North-east councillors have said that overhauling a congested road junction is vital for the future of the whole region.
Mintlaw member Jim Ingram has called for a revamp at the Toll of Birness where the A90 Ellon to Peterhead road meets the A952 to Fraserburgh.
The junction is used by motorists travelling from Fraserburgh and Mintlaw to Ellon, Aberdeen and beyond.
Regional transport partnership Nestrans is currently investigating how the routes between Aberdeen, Peterhead and Fraserburgh could be improved, including a multimillion-pound investment at the notorious junction.
But now Buchan councillors Jim Ingram and Alan Buchan have called for more joined-up thinking to benefit the north-east of Aberdeenshire.
Mr Ingram said: “This serves the whole of Buchan, we need to get all the agencies around the table to discuss the future of the area.”

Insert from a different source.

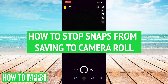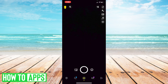Hey everyone, this is Ryan here with another tutorial. Today I'm going to show you how to stop snaps from saving to your camera roll. You'll know this feature if you are just frustrated why all your snaps are appearing on your camera roll as soon as you send them or as soon as you take them. So I'm going to show you a way to get around that.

The councillors’ comments came during a debate about plans to build more than 500 new homes in Mintlaw – a proposal Transport Scotland has warned will increase traffic at the junction.
Mr Ingram added: “There are a number of issues beyond this development will need to look at.
“I’m a bit concerned that we seem to be overloading the responsibility on to this development when we all need to look at the Toll of Birness.”
Peterhead councillor Mr Buchan likened the need for investment at the Toll of Birness to the long called-for AWPR.
He said: “We’ve really got to push on with the Toll of Birness, if we’re still here in 20 years it will be ridiculous.”
The Nestrans board will meet in Aberdeen later this month and is expected to discuss the on-going study into improving transport links in the area.
Options include spending an estimated £113million to dual the A90 between Ellon and the Toll of Birness as well as introducing overtaking lanes along the remaining single carriageway stretch of road.
Earlier this year Transport Minister Humza Yousaf rejected calls to install street lights at the busy Toll of Birness following a spate of collisions.
Mr Yousaf said no accidents in the past five years had happened during the hours of darkness and lighting would not reduce the risk of accidents.